Part of this results from an Islamic pattern of ‘religious occupation’ that reflects military occupation in many ways. In the initial years after the Islamic conquest of much of the Middle East, Muslim Arabs were few and far between. Accordingly, Abu Bakr and other early Caliphs thought it best to avoid placing Arab garrisons inside major cities which were full of Christians and Jews since the garrisons might be absorbed by the people they were governing. Instead, the Arab troops were stationed outside the cities. However, flush with Jizya taxes, inside the cities, Arab rulers were able to pay for very large Mosques which served as daily reminders of the cultural presence of Islam, in much the same way that Cavalry forts in the US and police posts in Canada nailed down much of the West in the 19th Century.
This history provides the context for the giant mosques currently being erected inside many Western Cities. A giant mosque that was planned in London by Tablighi Jamaat (the South Asian variant of the Wahhabis) for the next Summer Games would have been a case in point; the plans called for it to be the largest religious site of any kind in Europe. Other giant Mosques for small congregations have been planned near other landmark sites – like one over the Sandhurst Military College in the UK or the Cordoba Mosque project near the World Trade Center site.

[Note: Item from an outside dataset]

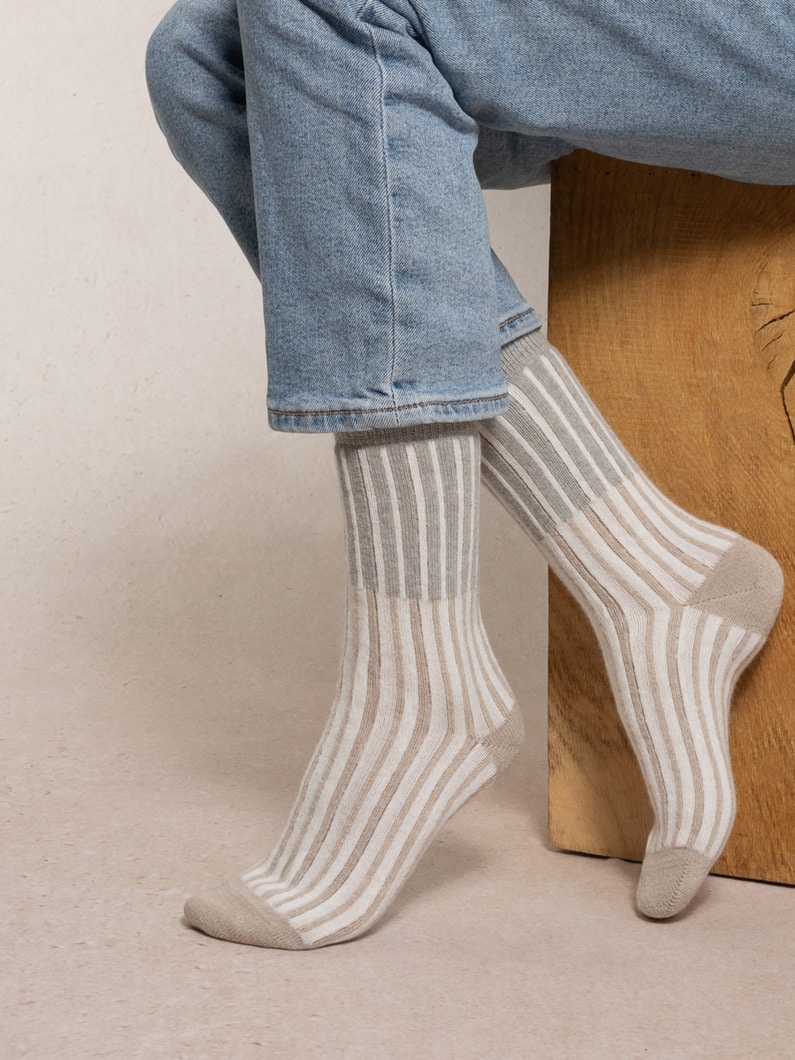 ストライプ ウール ソックス 詳細画像 gray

All this history reminds us that the destruction of the giant Buddha statues at Bamyan in Afghanistan in 2001 by the Taliban was nothing new. Many of the great landmarks and temples of other religions have been demolished to demonstrate the superiority of Islam. The process continues: In 2009 a Hindu temple in Bangladesh was destroyed just before a major festival and in 2011, Malaysian police officers demolished a Hindu temple in Glenmarie.

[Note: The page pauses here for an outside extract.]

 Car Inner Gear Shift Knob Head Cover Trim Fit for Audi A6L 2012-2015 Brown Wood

There have been sprees of iconoclasm in the histories of other religions – not least Christianity. The Protestant reformation saw the destruction of statues and art inside many churches in the 16th Century, but seldom saw the destruction of the churches themselves. Henry VIII’s land reforms also put paid to many ancient monasteries, so that now we can only guess at what the ancient Abbeys at Ely and Glastonbury looked like in their heyday. The ‘Secular Humanists’ and anti-clerical elements in French Revolutionary mobs also gutted several ancient churches and monasteries (particularly the Abbey of St Denis), while Nazis and Communists gleefully destroyed many places of worship as well.
Islam does resemble Nazism and Communism in that it tolerates no rivals, except that they are diminished and must acknowledge a new subordinate status. However, what makes Islam different is a deliberate desire to quell all Pre-Islamic history (something true of neither Hitler nor Soviet Communists who both saw themselves as the culmination of history). To the fanatics of Wahhabism and Salafism, the past is ‘Jahiliyyah’, a state of ignorance of God, and is therefore unimportant and of no consequence. To them, it is best to erase it
There were plenty of local Afghans opposed to the dynamiting of the giant Buddha statues at Bamyan but the Taliban had the guns. There are many Egyptians who are proud of the history around them, but if the Salafists gain power it won’t matter. A temple or statue that has withstood centuries can be destroyed very quickly by a very few who think ancient culture is unimportant. The Romans had a name for people like that – they called them Barbarians. That is a good name to bear in mind, when learning of the next Salafist plan.